My girl had her 8 puppies on Sunday so today is day 6. This is her first litter. Everything went smoothly but as the time progresses she seems to get more anxious and trying to move them more and more. We did everything 'by the book' - set up the whelping box in the dining room and made it her exclusive room, drawn the curtains and keeping it warm. I didn't want her to feel banished and excluded from the household so I put a baby gate up and draped a blanket over it. That way I can keep the door open and she can see and hear us but my other dog can't go in or look in and the room feels kind of semi closed.

However, every time she goes for toilet breaks she starts wandering around the house, digging in corners, grabbing cushions and blankets or anything she can find and trying to make a den from them. Then she goes back to her pups and grabs them and tries to move them.

We try not to handle the pups, only moving them if she seats on them and they are in the danger of being squashed. I even don't touch or change the bedding. I changed it once after the whelping to remove all soiled newspapers and blankets and put the VetBed in and have not touched it since. This is the VetBed she had and slept on for 2 weeks on prior to whelping so it has her smell on it and she is well used to it.

She is a boxer so it is a bit hard to make a den for her as she is so big but I was wondering what can be done, has anyone constructed a den like structure for bigger dogs? 

She seems clearly distressed. Puppies scream every time she grabs them and tries to move them. I would really like to settle her but not sure how we can make her feel more secure.

I don't think moving her to the living room would help because I don't think it is the issue of being with the rest of the household but more the issue of wanting to hide the pups as she tries to cover them up. I think a whelping box is quite an unnatural set up from the nature's point of view with the VetBed and nothing to cover the pups with but if I give her blankets pups keep getting tangled up in them or crawl underneath and can't get out. 

I'm not sure what else can be done to help her. Any advice would be very much appreciated


----------



## Sled dog hotel

Is there any other differences in her as well as seeming very anxious and nervous like her gait/way she walks appearing stiff or a bit wobbly, she may seem a bit disorientated and/or confused, any problems in walking, or legs looking stiff and ridged, any signs of fever or high temp, shakes or muscle tremors, signs of increased breathing rate?

If so there is a condition called Enclampsia aka milk fever, milk seems normal and pups don't seem affected, but its caused by hypo calcemia low blood levels of calcium. It can be caused by the bitches inability to move calcium into the milk quick enough so they lose their own blood calcium supply instead.

If she is showing any other signs or you suspect it may be a problem, you need to contact your vet immediately as the blood calcium needs correcting urgently.


----------



## Jamesgoeswalkies

I suspect every dog is different in this regard and much will depend on the age and temperament of the bitch concerned. As the previous poster says, always get any change in behaviour checked out by the vet however, if all is healthy then she is simply fixated on moving her litter.

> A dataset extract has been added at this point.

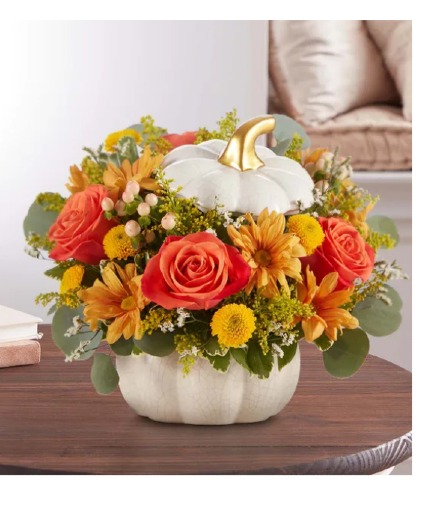 Plentiful White Pumpkin 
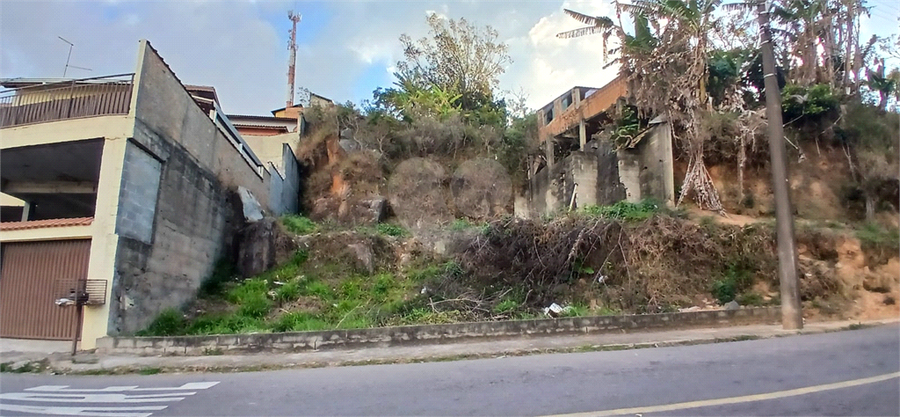 Foto REO1106584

A friend of mine panicked when she went to check on her litter of Jack Russels a few years back and found them all gone ... mum too. And it took some searching only to find she had taken them all outside into a shed 

You created a whelping area for her which was fine but I don't think it's necessary to try to create 'a den'. I doubt that is what she is looking for. All of mine have been born in a whelping box in the house and we have never used the cover (though we do have one). Maybe the dining room never felt 'safe' to her or maybe you have had a visitor (canine or human) who has left a different smell and now she needs to move the pups. Is she generally an anxious girl?

To be honest I wouldn't be worried about yourselves handling the puppies we handle ours from the start. The bitch should know and accept your smell.

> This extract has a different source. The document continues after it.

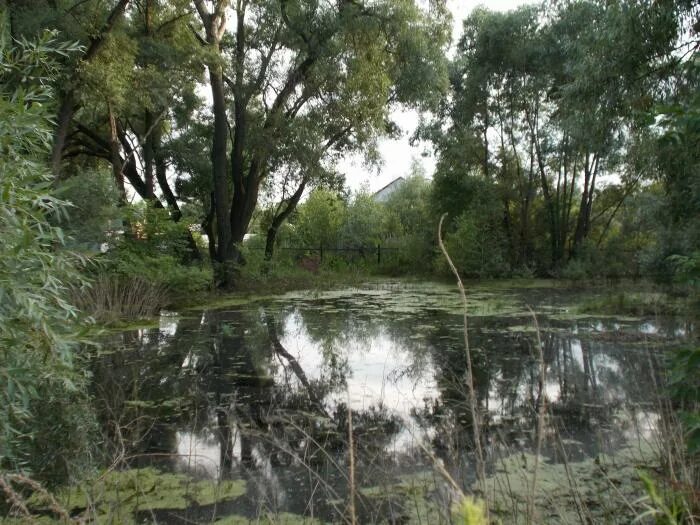 Болотная 2 иваново. Болото Уфа. Полесье болото Уфа. Болото в виде парка в Цивильске. Чурнинские болота в Уфимском районе.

Try not to add your stress to hers though by becoming anxious. Is she still feeding and cleaning them ok?

J


----------



## Dimple

Thank you for your replies. Yes, I know about Enclampsia and have been monitoring for that closely from the start. She hasn't been showing any of the symptoms. She has lost some weight because she was not eating well for the first 2 days but now she is eating and is becoming more energetic every day. It also looks like her weight is coming back on. She was checked by a vet a day after birth, I called him out for a home visit to prevent any extra stress from going to the surgery and everything seemed ok. Since then she has been getting more energetic and bright eyed every day (she was a bit shell shocked at first). 

Generally she is on a shy side, especially for a boxer. That is why I thought she will be better off in a separate room rather than in a living room with everyone else. 

She let us handle the puppies from the start and seemed ok with with that provided we did not lift them out of the whelping box. I just stopped handling them thinking maybe it will make her feel better as she seems to be getting more anxious as the time goes by rather than calming down. 

The only visitor we had was the vet, the day after birth and we haven't had anyone new since. I haven't even taken my other dog out for 3 days now just to stop him bringing strange smells in despite her not really having any contact with him.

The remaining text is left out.